Ne o gazetecilik heyecanı var, ne o meslek ilkeleri ve geleneği var, ne de o ağabey kardeşlik ilişkisi var. O eskilerde başka iş yapmayan gazete patronu artık bin kollu ahtapot. Her taşın altından bir tüccar şeklinde çıkıyor. Artık işverenle birlikte tüm gazetecilikten geçinme ve başka iş yapmama perhizi tarihe karışmıştır.

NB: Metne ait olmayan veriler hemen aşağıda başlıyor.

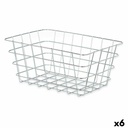 Cesta Multiusos Kinvara W5759K-M CHROME Plateado Plata Metal 31 x 14 x 21 cm Rectangular (6 Unidades)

Devletçiliği yavaş yavaş bırakan Türkiye bir devlet itibarı olan gazeteciliği şimdilerde ayrıcalıklı bir meslek olmaktan çıkarıp alalede bir vatandaş işi yapmıştır.

Sarı basın kartı imtiyazının ruhunu önce gazeteleri holdingleştiren sermaye bozdu. Şimdi o imtiyazları devletten çıkıp özel sektör olan kurumlar bir bir kaldırıyor gazeteciliğin üzerinden... Eski Bab - ı Ali'yi özleyenler, Namık Sevik gazeteciliğine iç geçirenler eski dönemin geri gelmesini bekleyenler, hiçbir şeyi beklemesinler.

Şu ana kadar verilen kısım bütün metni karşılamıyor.